**Work task:**
Below are the records; extract from them the line containing "2025 KIA SELTOS S, X-Line" to the line containing "クレアーレ学園前のトイレ|シンプルで使いやすいトイレです", both lines included, exactly and with no pictures.

**Information shown:**
━━━━━━━━━━━━━━━━

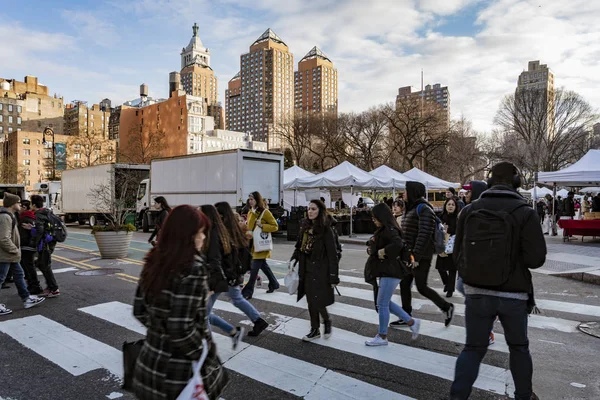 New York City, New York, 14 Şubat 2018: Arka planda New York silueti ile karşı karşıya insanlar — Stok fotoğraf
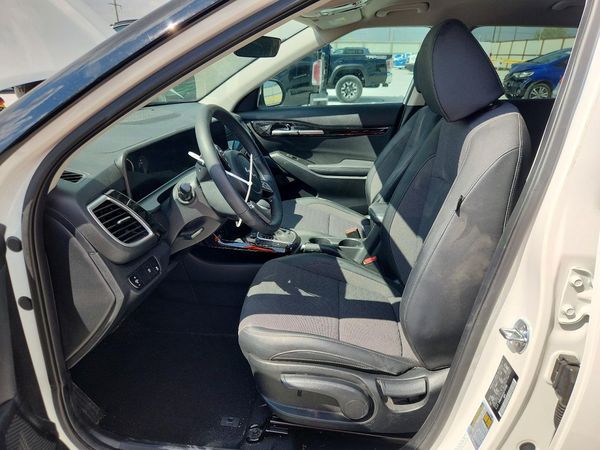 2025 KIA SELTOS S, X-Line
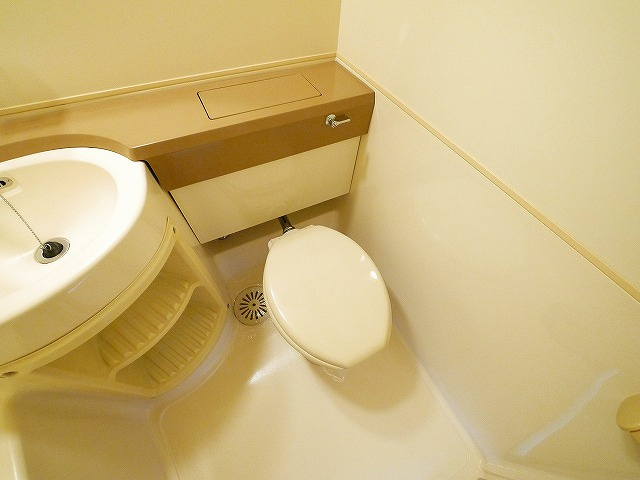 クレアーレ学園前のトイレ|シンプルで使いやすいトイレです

━━━━━━━━━━━━━━━━

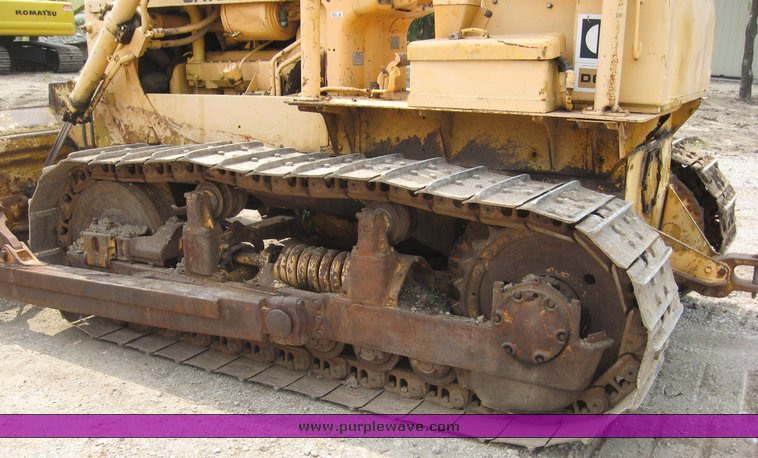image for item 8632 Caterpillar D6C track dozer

━━━━━━━━━━━━━━━━

**Answer to the problem:**
 2025 KIA SELTOS S, X-Line
 クレアーレ学園前のトイレ|シンプルで使いやすいトイレです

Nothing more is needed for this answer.